Data shown:
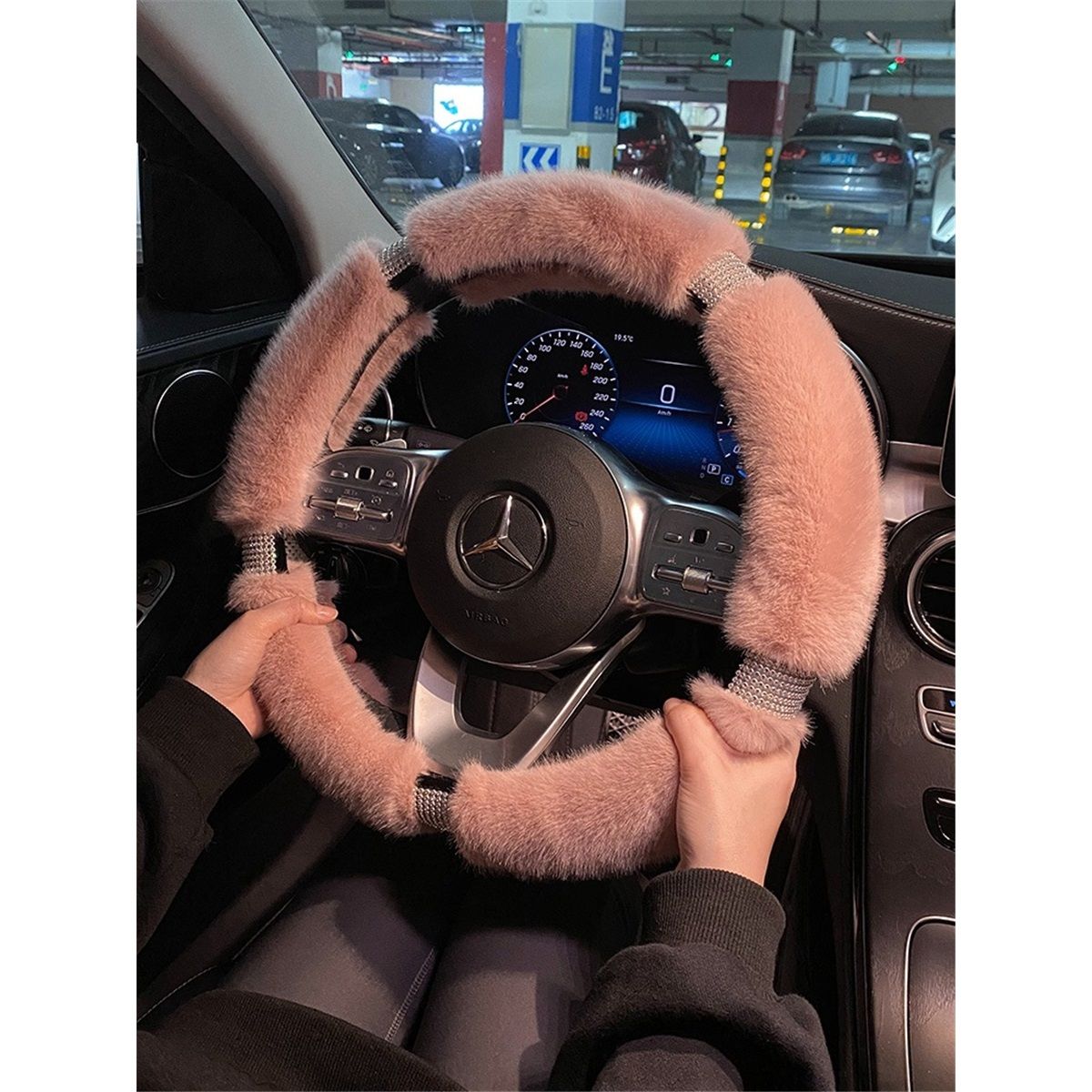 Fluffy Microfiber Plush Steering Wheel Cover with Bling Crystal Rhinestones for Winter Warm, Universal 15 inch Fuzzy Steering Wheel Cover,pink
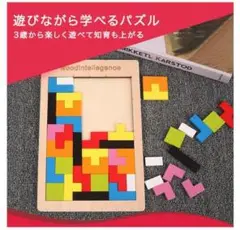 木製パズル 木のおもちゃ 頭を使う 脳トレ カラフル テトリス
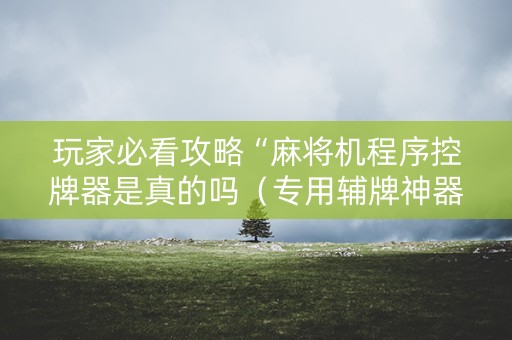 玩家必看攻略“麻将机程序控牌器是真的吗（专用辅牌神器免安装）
---
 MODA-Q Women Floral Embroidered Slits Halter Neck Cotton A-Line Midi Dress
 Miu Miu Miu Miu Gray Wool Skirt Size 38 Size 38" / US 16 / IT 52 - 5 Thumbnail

Action item:
Look through the data above and return exactly the lines from the one that contains "MODA-Q Women Floral" to the one that contains "Miu Miu Miu", inclusive, with nothing else.

The answer:
 MODA-Q Women Floral Embroidered Slits Halter Neck Cotton A-Line Midi Dress
 Miu Miu Miu Miu Gray Wool Skirt Size 38 Size 38" / US 16 / IT 52 - 5 Thumbnail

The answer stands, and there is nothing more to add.